I knew nothing about VWs when I bought my first speedster in 2000.

N O T H I N G

I was a corn-fed white boy, which meant you were either a Ford guy or a GM guy (weirdos with their Mopar stuff were not part of the club). My tastes had evolved a bit since the knuckle-dragging days of the '70s, but not much. I bought the first speedster because my wife told me, "anything but a Corvette".

Cooling is just a non-issue with "normal" cars. If a hot car ran hot, we just put a thicker radiator in it. Done and done. Tuning? Pffft.

That first car was a 1776 with all the tin and whatnot and it ran HOT - like vaporlock hot. I sold that one after a year and had JPS build another one, with a very similar "100 hp" 1776. It ran hot as well.

Since then, I've had a 2210, a "200 hp" 2332, a 2276, a different 2110, a 2276 with a twin-plug and dry-sump setup, the second 2110 back for a repeat performance, and a 2234 (still on the stand waiting to go in). None of them ran as hot as either 1776.

Of course you need good surround tins. Sled tins are nice as well. The stock VW doghouse tins are reputed to be better than the 36 hp "doghouse" tin everybody sells, but I've never noticed a bunch of difference. Same with the thermostatic flaps - flaps, no flaps, there wasn't an enormous difference. I've had the Raby (now LN Engineering) DTM shrouds on everything going back to the first 2110 (except for the second 2110), and it works well, but again - it's not enough to make an enormous difference.

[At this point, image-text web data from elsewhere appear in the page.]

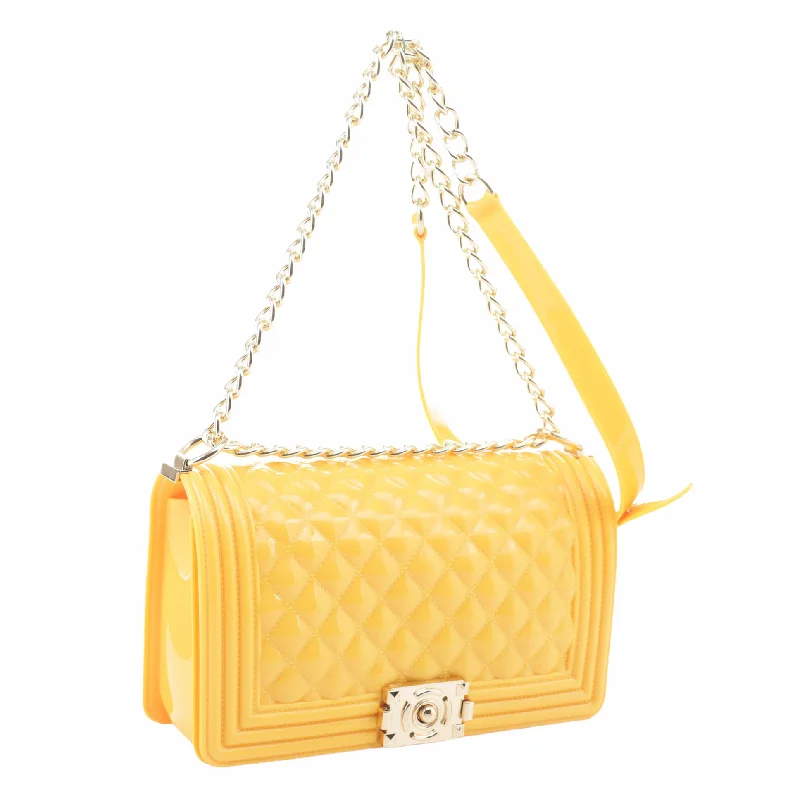 Large handle bags with spacious interior compartments -Yellow Jelly Crossbody Bag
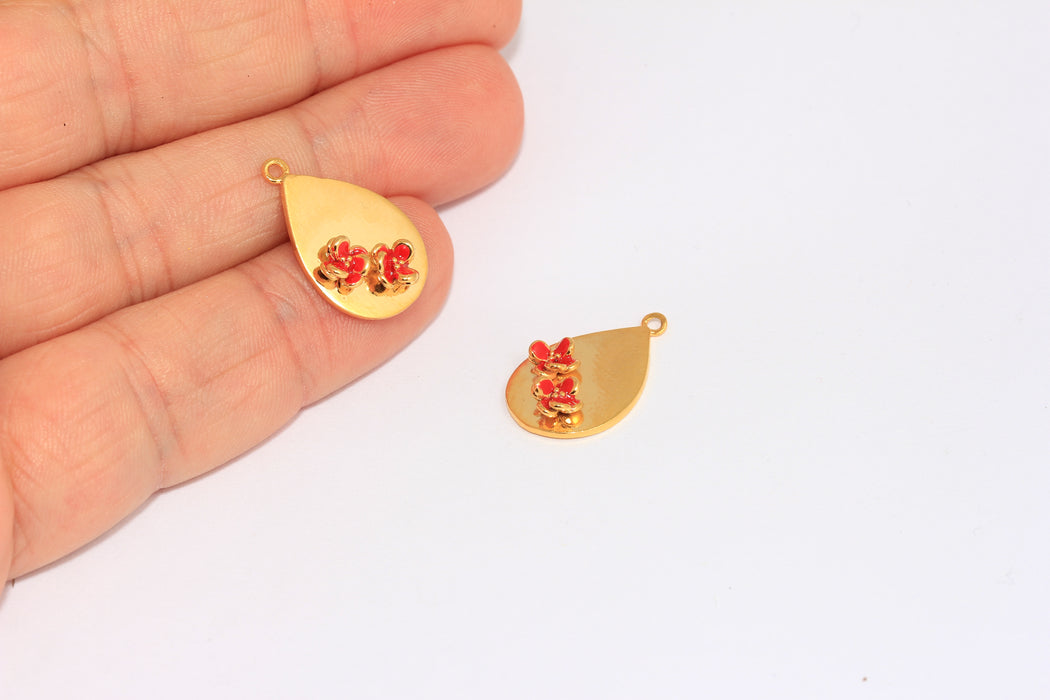 13x21mm 24k Shiny Gold Flower Medallion, Teardrop Medallion Necklace, Red Enamel Flower Charms, CMR29
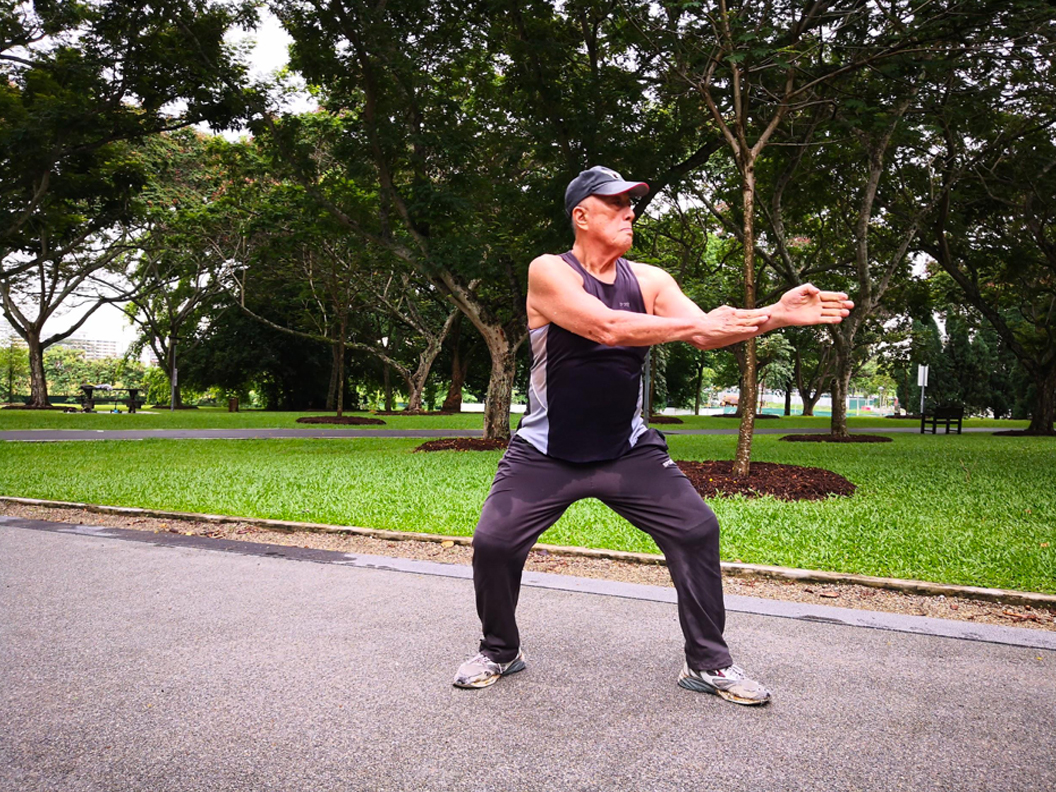 83-year-old Johnny Ang practises Taekwondo regularly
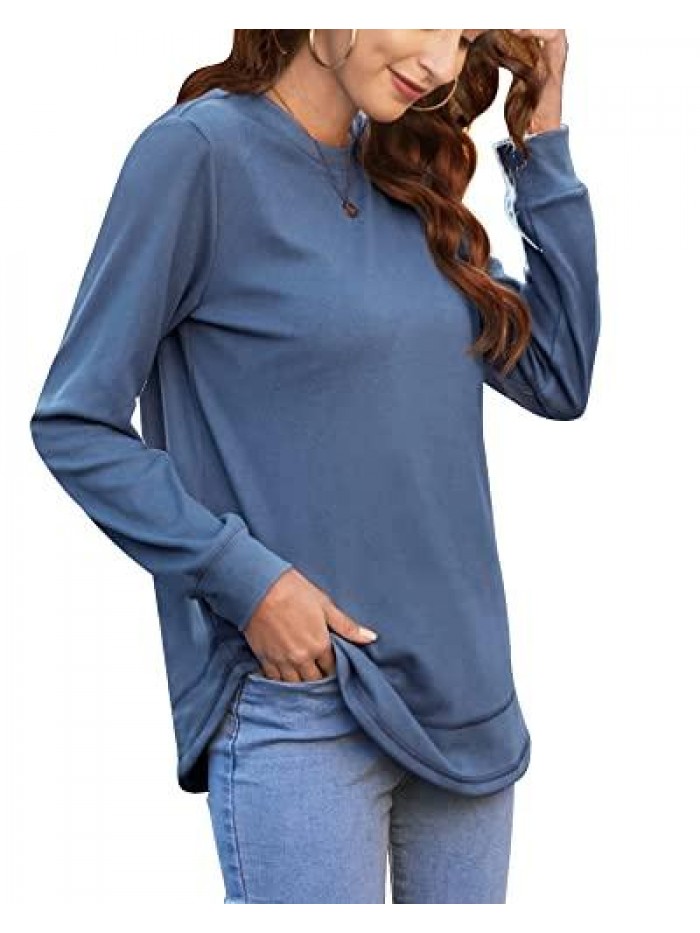 Crewneck Sweatshirts Long Sleeve Tunic Tops Casual Loose Pullover Shirts with Curved Hem 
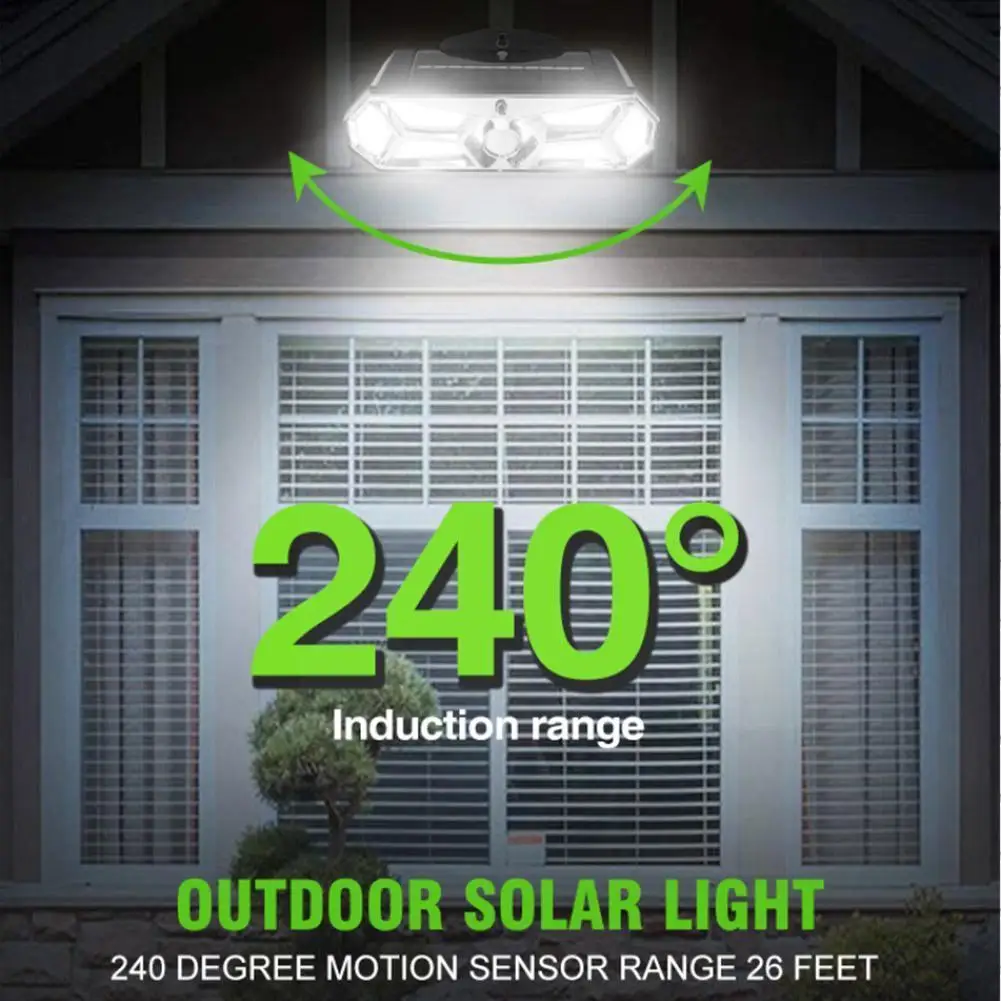 

3 Modus Waterdichte 168 Led Solar Motion Sensor Lichten Straat Outdoor Decoratie Zonne-energie Zonlicht Voor Tuin Wandlamp D3I1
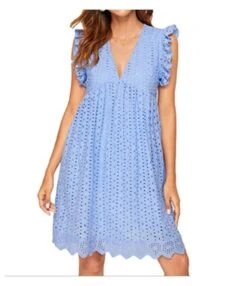 Solid Color Lace Hollow V Neck Frill Sleeve Loose Tank Dress With Pocket Casual Wholesale Dresses SDN532972 -DivaLook Shop 09d43532 d9a6 485b 9e13 ce732571973c b273df6998082e647a8fb540b5a86325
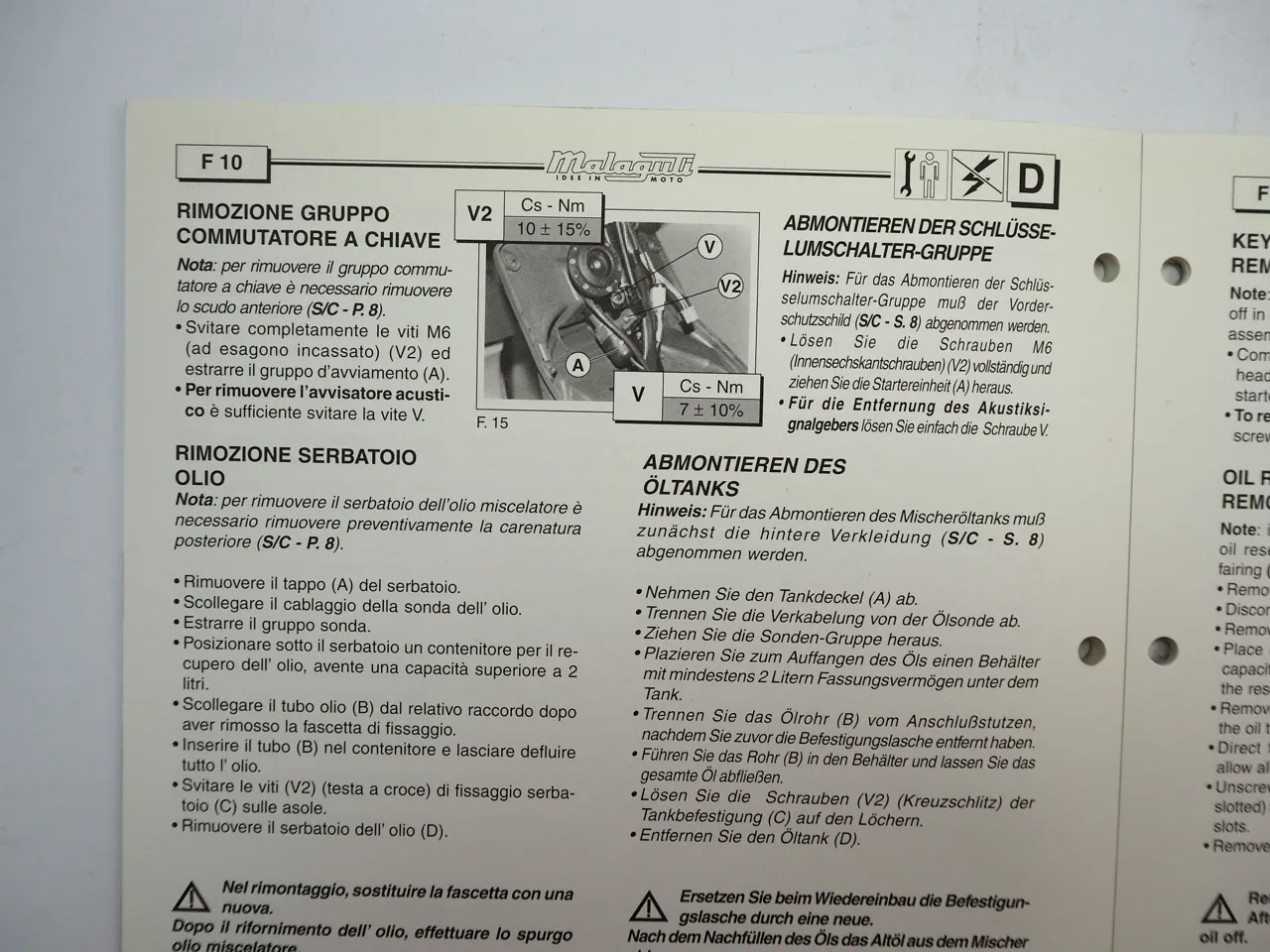 Malaguti F10 Jetline Motorroller Werkstatthandbuch Manuale di riparazione 1998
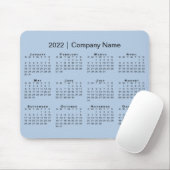 Einfache 2022 Kalender Firmenname auf Light Blue Mousepad (Mit Mouse)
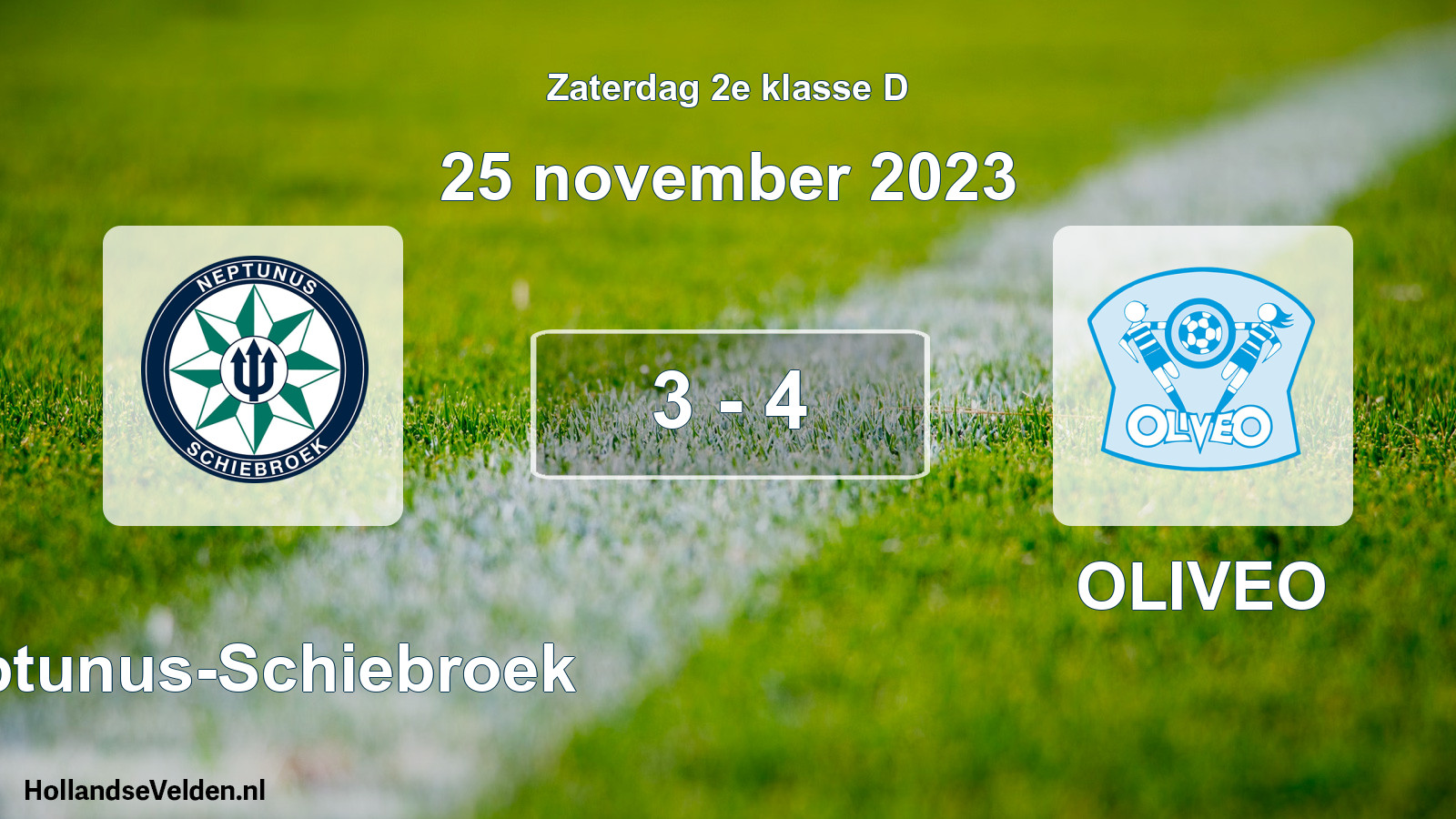 Total number of matches played: Neptunus-Schiebroek - OLIVEO 3 - 4 (25 November 2023)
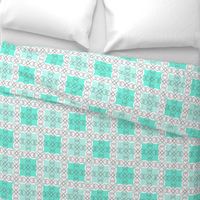 Mint Jade Green Grid with Scroll Fl 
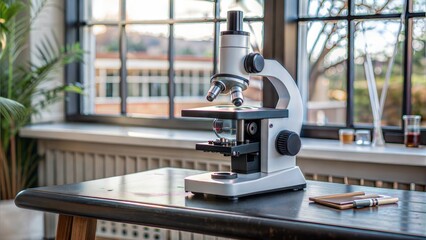 Fototapeta premium A modern microscope on a wooden table, surrounded by natural light and greenery, ideal for scientific exploration.
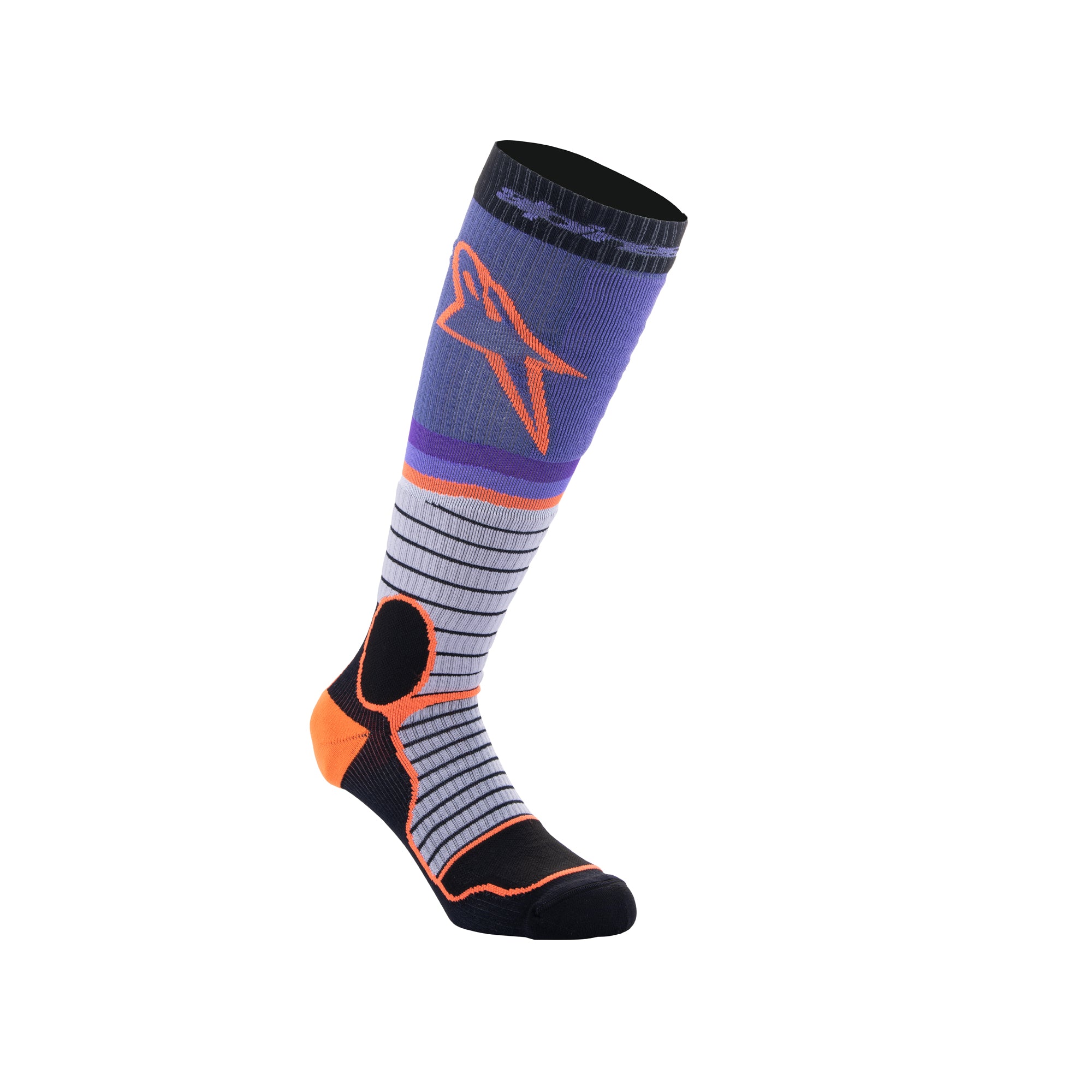 Alpinestars MX Pro Socks - Black/Gray/Purple - UK 3-7 (S)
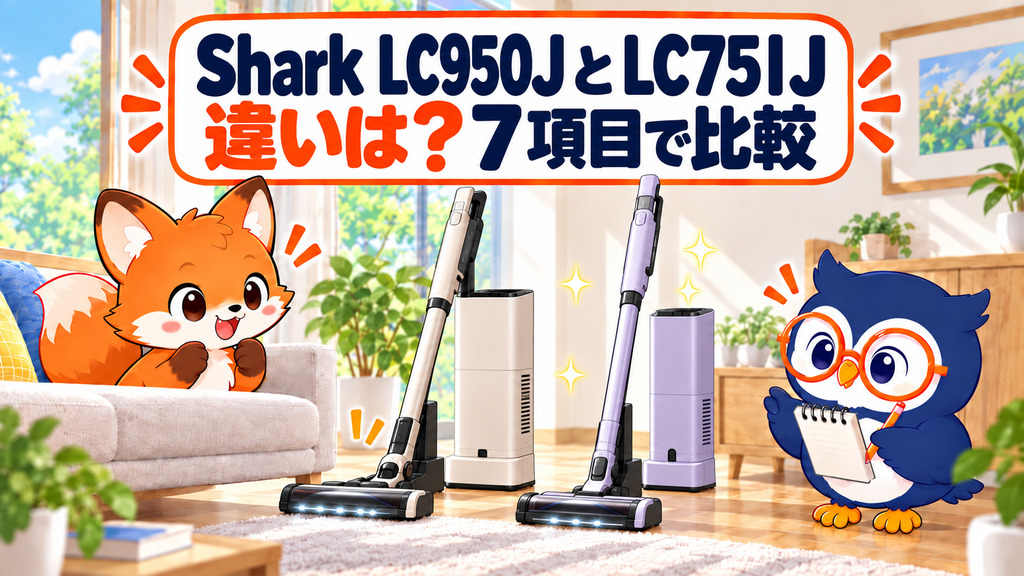 Shark LC950JとLC751Jの違いを7項目で比較するカイ君とマチ君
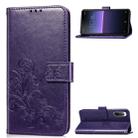 For Sony Xperia 10 II Four-leaf Clasp Embossed Buckle Mobile Phone Protection Leather Case with Lanyard & Card Slot & Wallet & Bracket Function(Purple) - 1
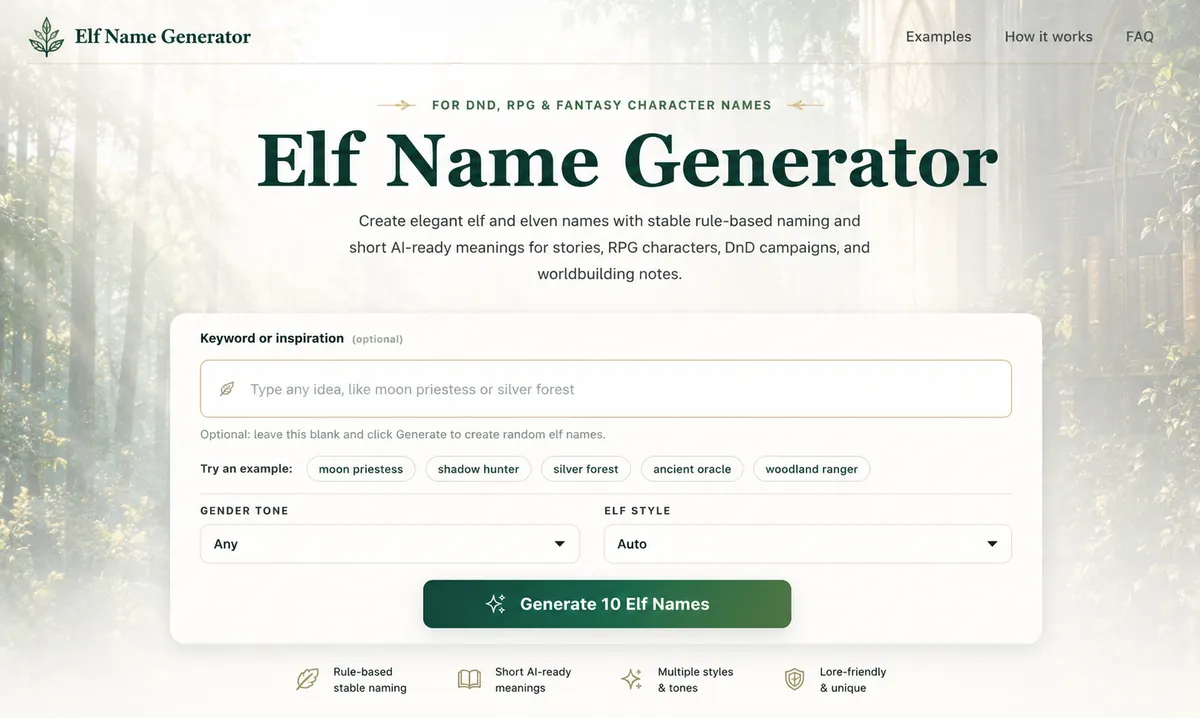 Elf Name Generator screenshot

You know what does make an enormous difference? Two things:

  1. Heads
  2. Exhaust


Stock heads running through stock heat exchangers and a "hot-dog", EMPI Monza, or other <$100 exhaust are going to run hot. They'll run hotter than they do in a VW Beetle because the airflow through the speedster's engine compartment is pitiable. How (exactly) to get more air back there is a matter of substantial discourse (as well as the subject of lots and lots of folklore and common interweb knowledge) but it's not as big a deal as your heads and exhaust.

If a guy's car is running hot, I'd start with a better exhaust. "Better" means something tuned (4 into 1). Equal-length is better (an A1 sidewinder is not), but said Sidewinder works great. Non racer-types report good success with Vintage Speed exhausts.

... which gets us to heads, which is an entirely different conversation. Free breathing heads are better. Free breathing heads that have well considered fins are even better yet. CB's Panchitos are really hard to beat in this regard.